If an abuse of power would be condemned one way, then it should be condemned the other way as well. If the states were allowed to regulate the elections of the Federal House of Representatives then the legislatures of a few important states could enter into a conspiracy to prevent an election, and then this could result in the Union's destruction. Hamilton was not fully against the state legislatures having some power over the federal government. He fully defended the states' power to appoint members of the senate. He saw this as a necessary check on the power of the federal government, a "necessary evil." As he states:

So far as that construction may expose the Union to the possibility of injury from the State Legislatures, it is an evil; but it is an evil which could not have been avoided without excluding the States, in their political capacities, wholly from a place in the organization of the National Government.If this had been done, it would doubtless have been interpreted into an entire dereliction of the Federal principle; and would certainly have deprived the State Governments of that absolute safeguard.

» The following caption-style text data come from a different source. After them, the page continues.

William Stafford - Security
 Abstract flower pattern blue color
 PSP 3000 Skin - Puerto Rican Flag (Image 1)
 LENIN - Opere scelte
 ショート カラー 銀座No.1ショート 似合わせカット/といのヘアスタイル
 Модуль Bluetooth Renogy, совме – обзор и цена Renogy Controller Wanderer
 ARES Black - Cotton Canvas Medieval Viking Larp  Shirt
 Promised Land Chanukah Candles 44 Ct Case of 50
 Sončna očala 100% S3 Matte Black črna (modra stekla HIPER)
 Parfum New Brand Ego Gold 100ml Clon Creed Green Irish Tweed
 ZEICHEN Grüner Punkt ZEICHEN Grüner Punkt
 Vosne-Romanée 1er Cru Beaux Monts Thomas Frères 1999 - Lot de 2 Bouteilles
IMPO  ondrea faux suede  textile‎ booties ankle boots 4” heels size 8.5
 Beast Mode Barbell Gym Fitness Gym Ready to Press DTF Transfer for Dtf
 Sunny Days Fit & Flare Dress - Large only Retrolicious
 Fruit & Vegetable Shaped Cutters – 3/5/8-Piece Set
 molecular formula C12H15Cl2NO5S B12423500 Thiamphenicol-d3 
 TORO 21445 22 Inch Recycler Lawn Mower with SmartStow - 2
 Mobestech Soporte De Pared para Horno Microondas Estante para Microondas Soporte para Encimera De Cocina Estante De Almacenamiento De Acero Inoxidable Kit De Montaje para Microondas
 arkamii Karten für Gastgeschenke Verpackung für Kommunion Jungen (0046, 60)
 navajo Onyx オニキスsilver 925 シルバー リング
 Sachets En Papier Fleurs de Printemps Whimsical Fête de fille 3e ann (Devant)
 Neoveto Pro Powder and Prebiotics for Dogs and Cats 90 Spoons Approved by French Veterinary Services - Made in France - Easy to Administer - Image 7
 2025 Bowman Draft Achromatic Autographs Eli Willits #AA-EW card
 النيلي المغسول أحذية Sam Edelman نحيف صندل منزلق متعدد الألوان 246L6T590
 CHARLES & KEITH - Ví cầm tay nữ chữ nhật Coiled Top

Each state only has the power to appoint two senators and no more. No single state or even a few states would be able to destroy the union by not appointing senators. The states would have to work together to be able to destroy the union in this way and that is a scenario that extremely unlikely to happen.

== 17th Amendment ==
Main Article: 17th Amendment to the United States Constitution

In 1913 the 17th amendment was passed and signed into law. This amendment effectively defeated Hamilton's argument on the matter of the election of senators and the necessary evil that he saw as a check by the states on the power of the federal government. Specifically, Article 1, Amendment 17,

The Senate of the United States shall be composed of two Senators from each State, elected by the people thereof, for six years; and each Senator shall have one vote. The electors in each State shall have the qualifications requisite for electors of the most numerous branch of the State legislatures."

== Anti-Federalist Papers ==

=== Cato No. VII ===
The anonymous author of Cato No. VII argues that Article 1 Section 4 of the constitution should be removed. By giving congressional power over the regulation of elections they can choose to do anything thing they desire. As stated by the author:

Congress may establish a place, or places, at either the extremes, center or outer parts of the states; at a time and season too, when it may be very inconvenient to attend; and by these means destroy the rights of election.

As argued below by the author, although the states choose the senators, the House of Representatives chooses the time and place that the senators are chosen.

To exemplify this the states are to appoint senators and electors for choosing a president, but the time is to be under the direction of congress. Now, suppose they were to omit the appointment of senators and electors, though congress was to appoint the time, which might [as] well be apprehended as the omission of regulations for the election of members of the house of representatives, provided they had that power; or suppose they were not to meet at all: of course, the government cannot proceed in its exercise.

As argued below, if the House would be able to regulate its own elections, they could choose to have elections anywhere they wanted to. They could move voting precincts into areas where there would be almost no one the vote for them, basically allowing the representatives to choose their voters.

It is a good rule, in the construction of a contract, to support, that what may be done will be; therefore, in considering this subject, you are to suppose, that in the exercise of this government, regulation of congress will be made, for holding an election for the whole state at Poughkeepsie, at New York, or, perhaps, at Fort Stanwix: who will then be the actual electors for the house of representatives? Very few more than those who may live in the vicinity of these places.